4 Marlborough Place, September 25, 1878.
My dear Parker,
As far as I recollect Ammocoetes is a vertebrated animal--and I ignore it.
The paper you refer to was written by my best friend--a carefulish kind of man--and I am as sure that he saw what he says he saw, as if I had seen it myself.
But what the fact may mean and whether it is temporary or permanent--is thy servant a dog that he should worry himself about other things with backbones? Not if I know it.
Churchill has got over a whole batch of the American edition of the Vertebrata, so I have a respite. Mollusks are far more interesting--bugs sweeter--while the dinner crayfish hath no parallel for intense and absorbing interest in the three kingdoms of Nature.

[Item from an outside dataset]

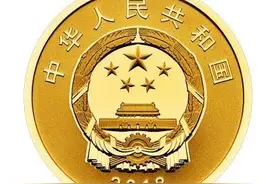 100元硬币您见过吗？长相百分之百精美图片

What saith the Scripture? "Go to the ANT thou sluggard." In other words, study the Invertebrata.
Ever yours very faithfully,
T.H. Huxley.
[Sketch of a vast winged ant advancing on a midget, and saying, as it looks through a pair of eyegla.s.ses, "Well, really, what an absurd creature!!"]
4 Marlborough Place, London, April 28, 1878.
My dear Haeckel,
Since the receipt of your letter three months ago, I have been making many inquiries about Medusae for you, but I could hear of none--and so I have delayed my reply, until I doubt not you have been blaspheming my apparent neglect.
My "Sammlung"!! [Collection.] My dear friend, my cabin on board H.M.S.